AVAILABLE RECORDS:
++++++++

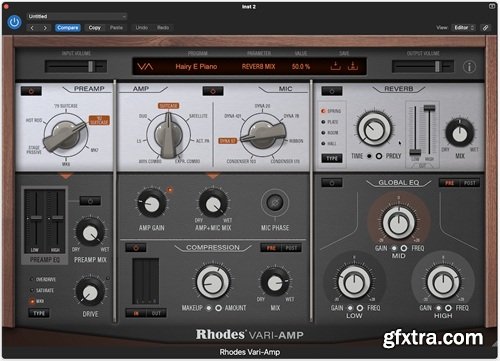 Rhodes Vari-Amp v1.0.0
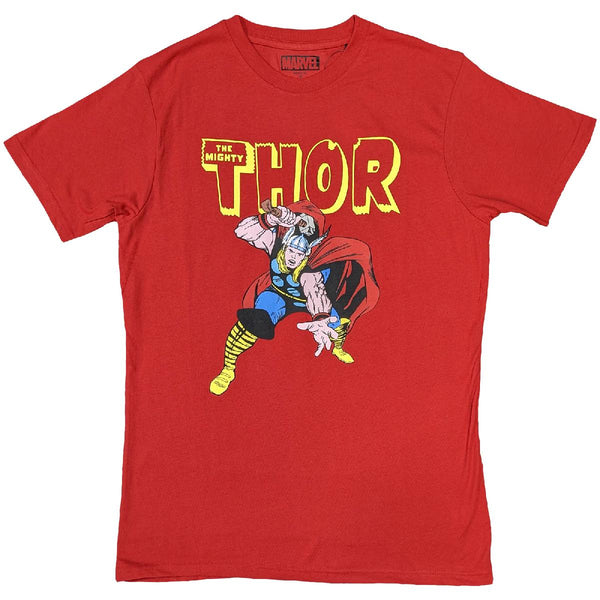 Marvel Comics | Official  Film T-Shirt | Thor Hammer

++++++++

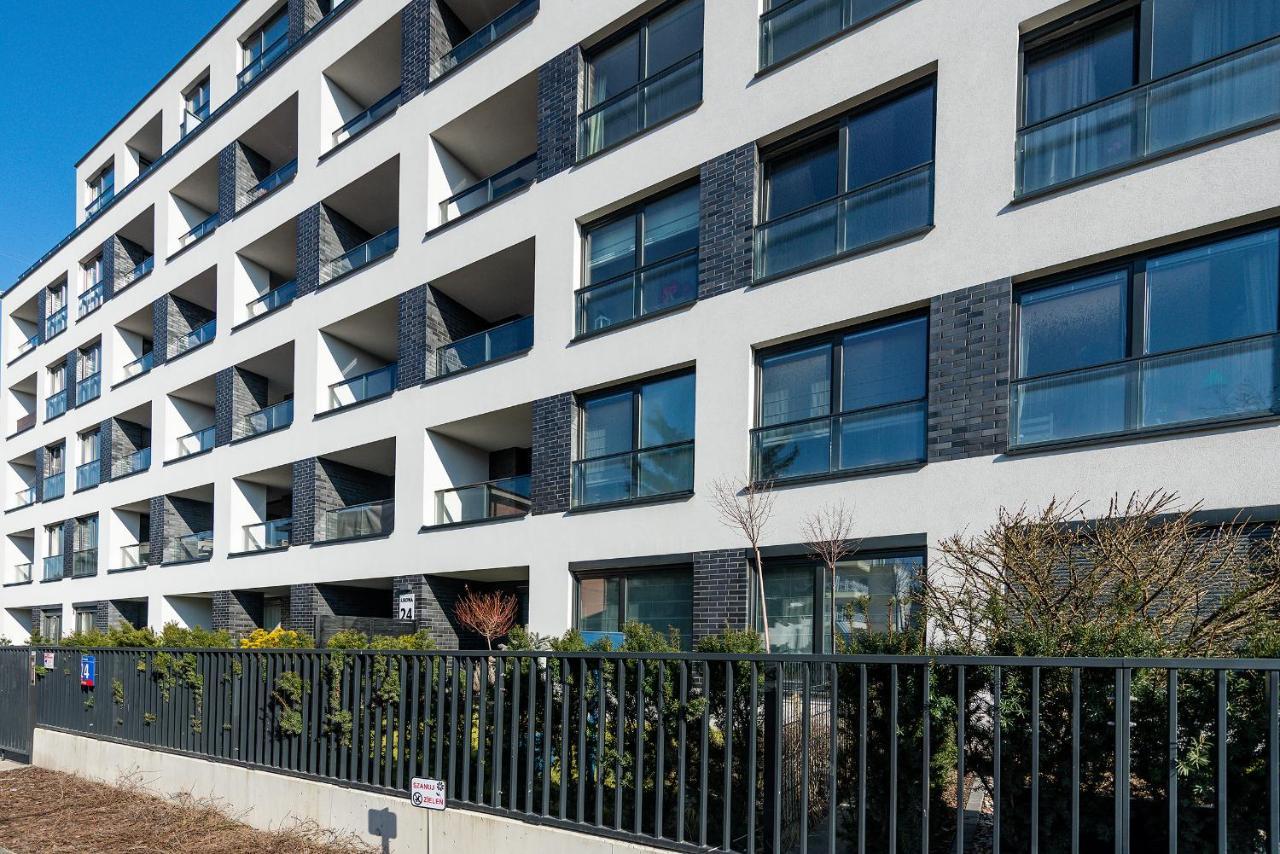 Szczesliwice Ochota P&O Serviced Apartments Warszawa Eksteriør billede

++++++++

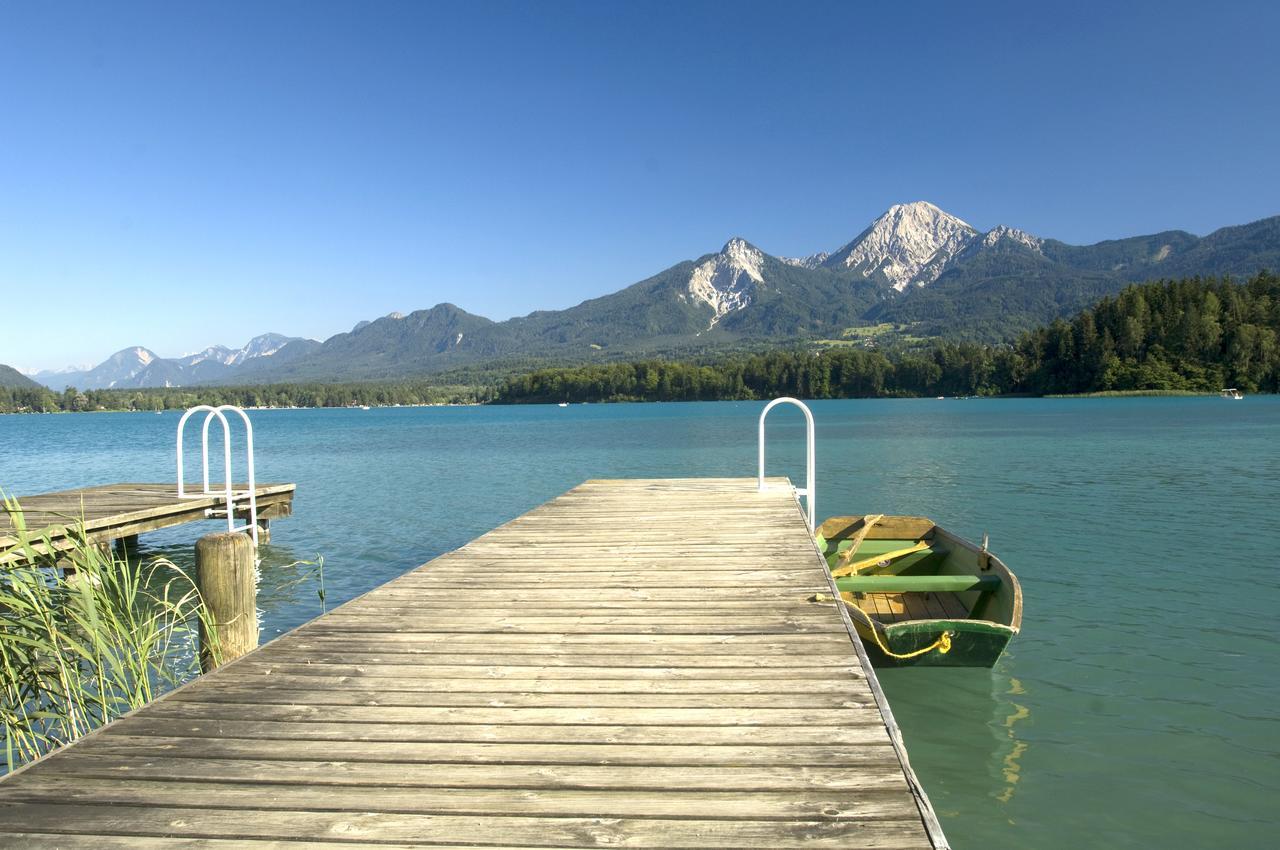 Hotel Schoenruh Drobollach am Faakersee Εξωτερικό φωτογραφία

++++++++

WHAT YOU NEED TO DO: Extract the part of the records that opens with the line containing "Rhodes Vari-Amp v1.0.0" and closes with the line containing "Marvel Comics |". Take only those lines, exactly, and no pictures.

ANSWER TO THE EXERCISE:
 Rhodes Vari-Amp v1.0.0
 Marvel Comics | Official  Film T-Shirt | Thor Hammer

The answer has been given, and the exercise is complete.